Projects

Kaggle Competitions Expert (top 1% globally, top 10 Kaggler in Boston)

  • Led a team to develop deep learning CNN models with transfer learning techniques to analyze and
    predict the presence of oil palm plantations in satellite imagery with test AUC 0.999. WiDS Cambridge Datathon Workshop Winner.
  • Built deep learning CNN models (fastai) to predict if the center 32x32px region of a patch contains at least 1 pixel of tumor tissue with PCam 277k data. My PrLB AUC 0.97.
  • Built ensemble models with 8.9 million samples to predict if a machine will soon be hit with malware. Won Silver medal for Microsoft Malware Prediction with PrLB AUC is 0.64.
  • Built ensemble model to predict if each applicant will repay a loan. Won Bronze medal for Home Credit Default Risk. My PrLB AUC 0.79 v.s. Best AUC 0.80.
  • Built ensemble model to predict whether a driver will initiate an auto insurance claim in the next year. Won Bronze medal for Porto Seguro’s Safe Driver Prediction.
  • Built multiclass classification models (XGBoost and Keras) to classify genetic mutations based on clinical evidence (text) by Memorial Sloan Kettering Cancer Center with NLP.

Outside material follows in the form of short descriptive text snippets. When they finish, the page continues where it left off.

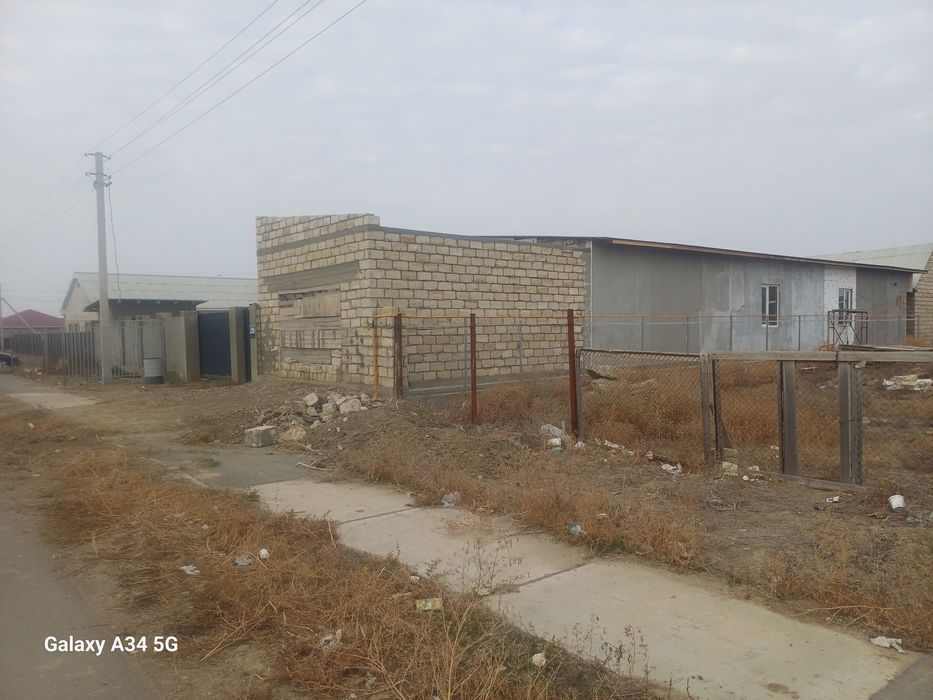 Продам дом Еркинкала 2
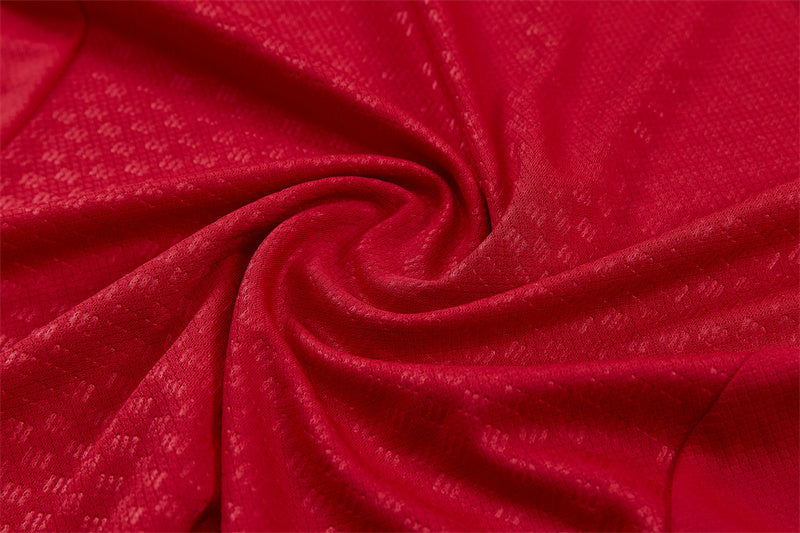 Conjunto Alemania 2025/2026 – Equipación de Entrenamiento Roja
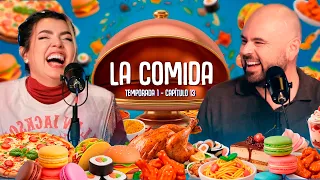 LA COMIDA Triste Realidad - Capitulo 13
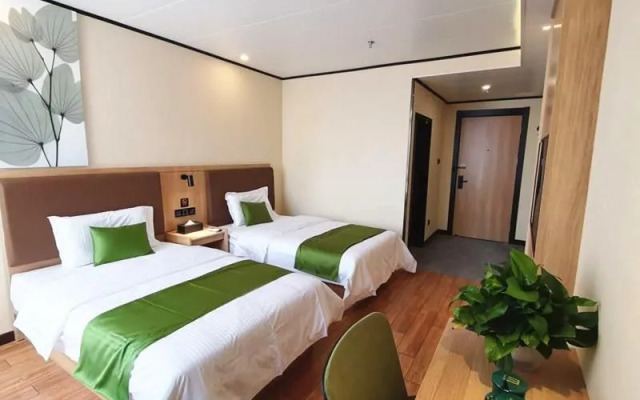 Green Tree Inn Beijing Chaoyang District Dougezhua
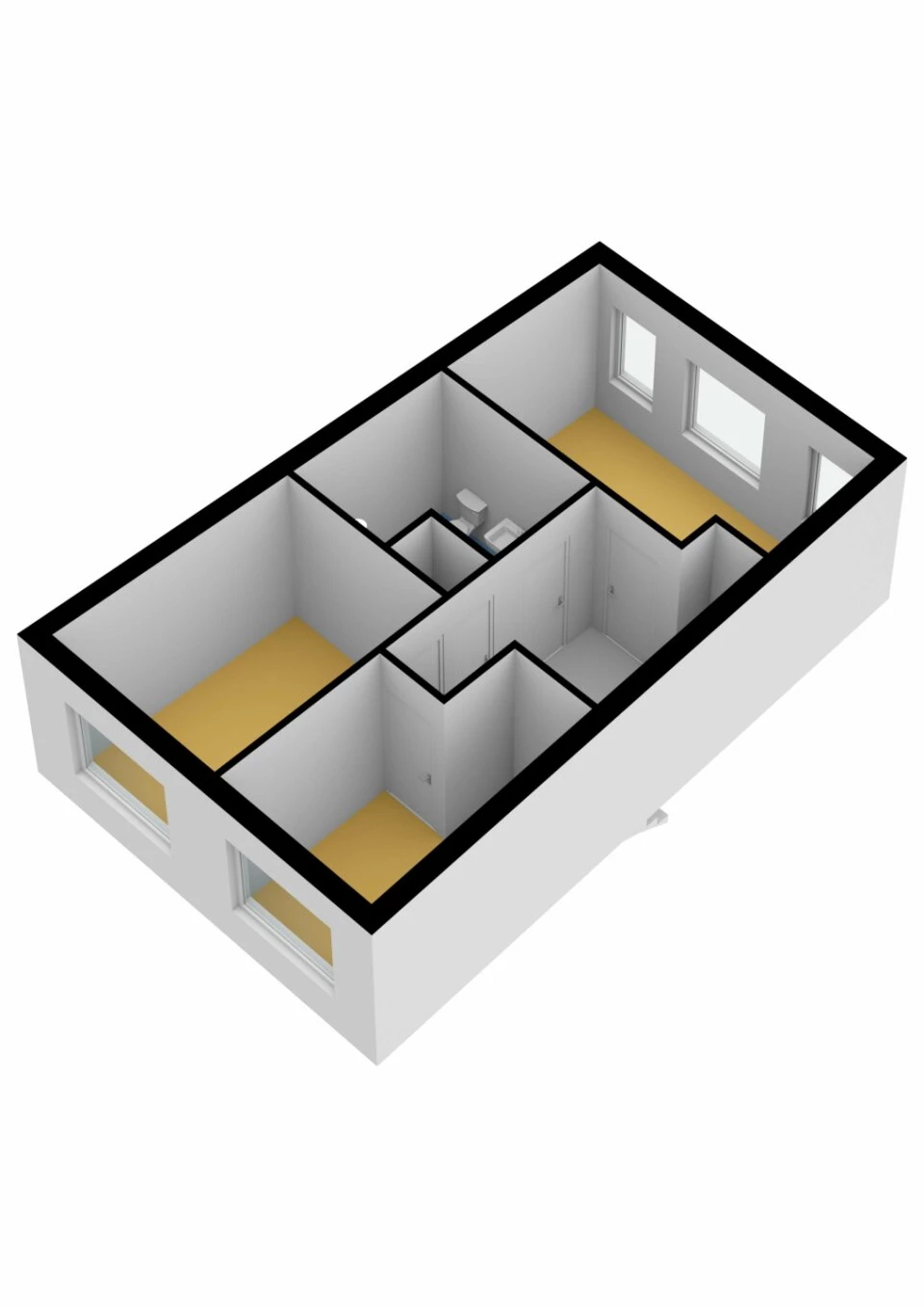 House for sale Roald Amundsenstraat 148 Almere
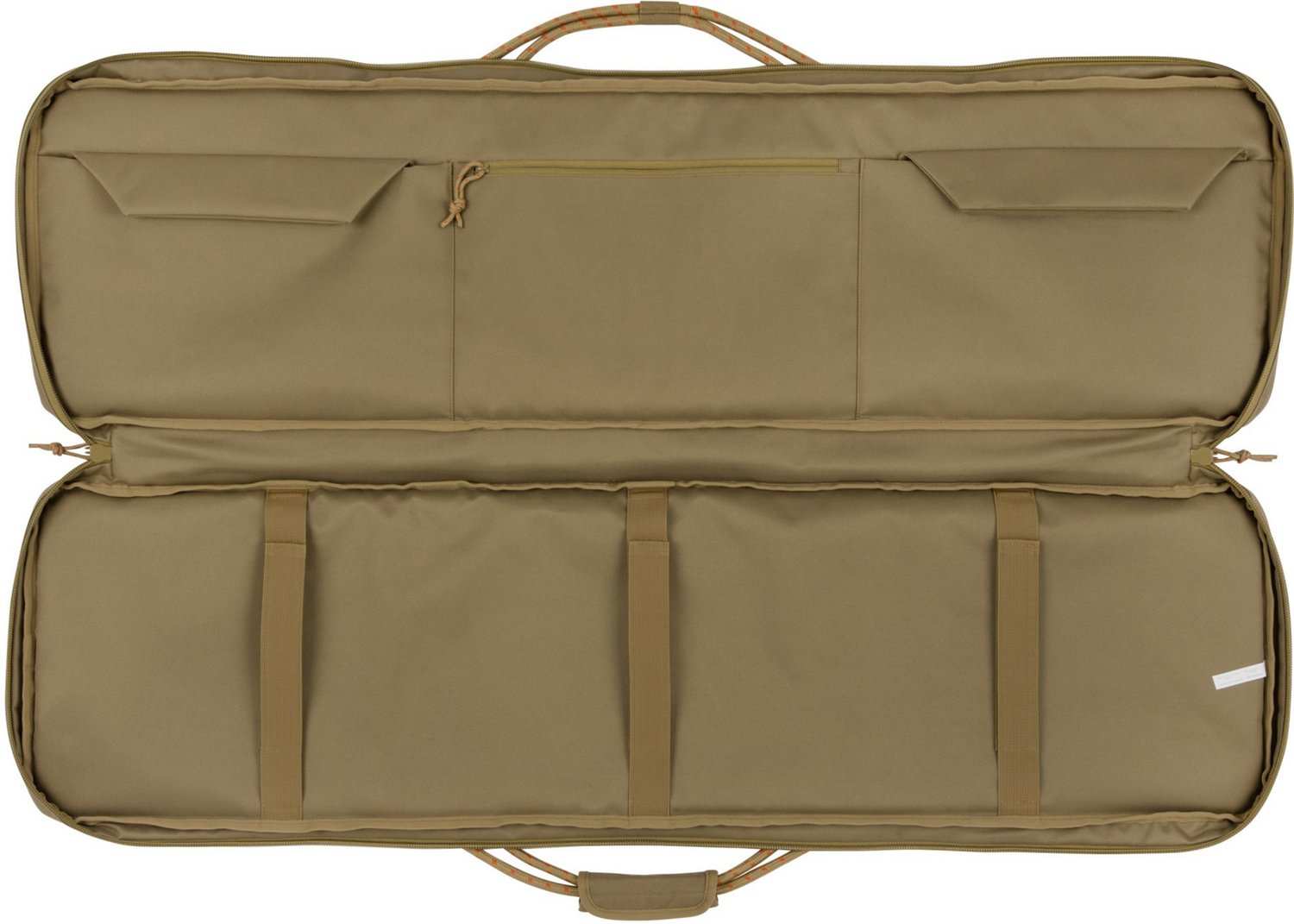 Allen Company Tac-Six Laser-Cut Molle Front Lockable 46 in Tactical Gun Case - view number 3
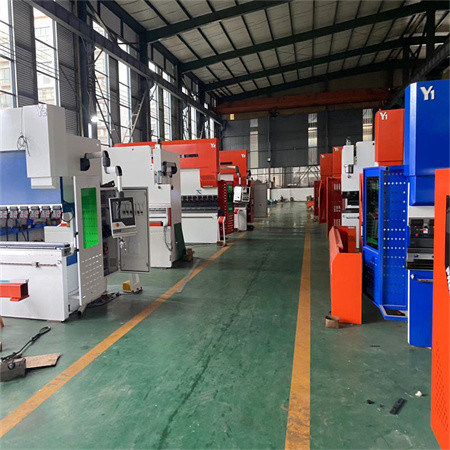 „China Good Accurl“ prekės ženklo 3 ašių CNC hidraulinis plokštelinis stabdys 175 tonos Delem DA52s valdymui su Y1 Y2 X Laser Safe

Analytics and its Application to Healthcare

Designing Metabolic Division of Labor in Microbial Communities

Microbes face a trade-off between being metabolically independent and relying on neighboring organisms for the supply of some essential metabolites. This balance of conflicting strategies affects microbial community structure and dynamics, with important implications for microbiome research and synthetic ecology. A “gedanken” (thought) experiment to investigate this trade-off would involve monitoring the rise of mutual dependence as the number of metabolic reactions allowed in an organism is increasingly constrained. The expectation is that below a certain number of reactions, no individual organism would be able to grow in isolation and cross-feeding partnerships and division of labor would emerge. We implemented this idealized experiment using in silico genome-scale models. In particular, we used mixed-integer linear programming to identify trade-off solutions in communities of Escherichia coli strains. The strategies that we found revealed a large space of opportunities in nuanced and nonintuitive metabolic division of labor, including, for example, splitting the tricarboxylic acid (TCA) cycle into two separate halves. The systematic computation of possible solutions in division of labor for 1-, 2-, and 3-strain consortia resulted in a rich and complex landscape. This landscape displayed a nonlinear boundary, indicating that the loss of an intracellular reaction was not necessarily compensated for by a single imported metabolite. Different regions in this landscape were associated with specific solutions and patterns of exchanged metabolites. Our approach also predicts the existence of regions in this landscape where independent bacteria are viable but are outcompeted by cross-feeding pairs, providing a possible incentive for the rise of division of labor.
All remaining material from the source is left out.